Widespread resistance to oral cephalosporins such as cefixime has been documented. Oral cephalosporins are therefore not recommended as initial therapy. Although not always possible, the microbiologic diagnosis should be attempted, and antimicrobial susceptibility testing should be performed to guide antibiotic therapy. After 1 to 2 days of clinical improvement with ceftriaxone as parenteral therapy, a seven-day course of antibiotics may be completed with daily intramuscular ceftriaxone given at 250 mg daily. Patients with septic arthritis or those who are immunocompromised or slower to respond to treatment may require a longer course of therapy (7 to 14 days). De-escalation to oral antibiotic therapy (such as cefixime, fluoroquinolones, or penicillin) may be done only in patients who do not have septic arthritis and only if culture and susceptibility results are available. However, not all laboratories are capable of performing Neisseria gonorrhoeae culture and sensitivity testing. In cases wherein the microbiologic diagnosis is not established, the course of therapy should be completed with a parenteral cephalosporin.

Partners of patients diagnosed with disseminated gonococcal infection within 2 months should be contacted and treated whenever possible. Patients with recurrent disseminated gonococcal infection or gonococcal arthritis will require further evaluation for complement deficiency.

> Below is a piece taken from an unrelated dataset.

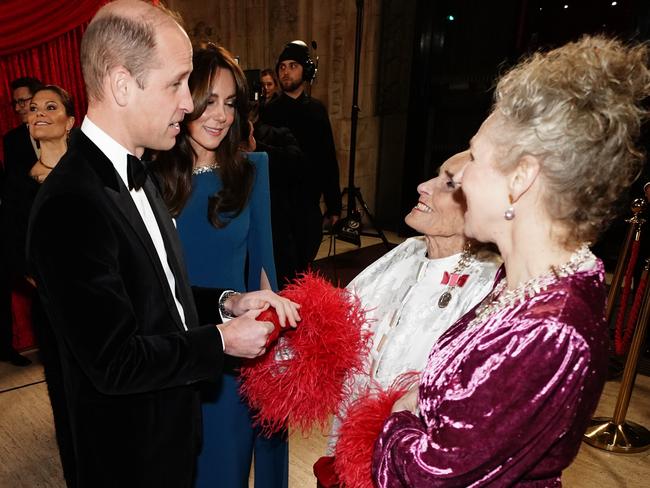 William and Catherine greet Daphne Selfe before the Royal Variety Performance. Picture: Getty Images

Patients with a history of beta-lactam allergy are often able to tolerate ceftriaxone. Due to the absence of effective alternative parenteral agents, patients who have a history of IgE mediated hypersensitivity reaction to beta-lactams may undergo either skin testing or graded challenge testing. Patients who test positive for these tests should undergo desensitization. Those with a history of severe, non-IgE mediated reaction will require consultation with an Infectious Disease specialist.

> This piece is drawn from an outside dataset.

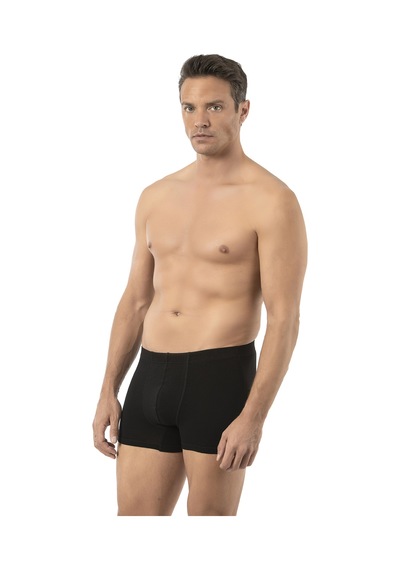 Özkan Underwear Özkan 12024 Erkek Pamuklu Likralı Süprem Esnek Rahat Boxer Şort Siyah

Patients presenting with localized purulent arthritis should undergo joint drainage, either arthroscopically or through repeated joint aspirations until there is evidence of response such as the resolution of fever, leukocytosis, joint pain, and effusions. Open surgical drainage may be necessary if aspiration is not adequate.

Gonococcal arthritis prognosis

For patients with septic arthritis resulting from gonococcal infection, proper antibiotic treatment and joint drainage typically leads to full recovery. For patients with more severe manifestations of disseminated gonococcal infection, the prognosis varies, depending on complications or comorbidities. For example, patients with acute endocarditis may require valve surgery and can expect to undergo at least 4-6 weeks of antibiotic therapy. Disseminated gonococcal infection-associated morbidity has decreased dramatically in the postantibiotic era. Complications are rare (1-3% of cases) 33).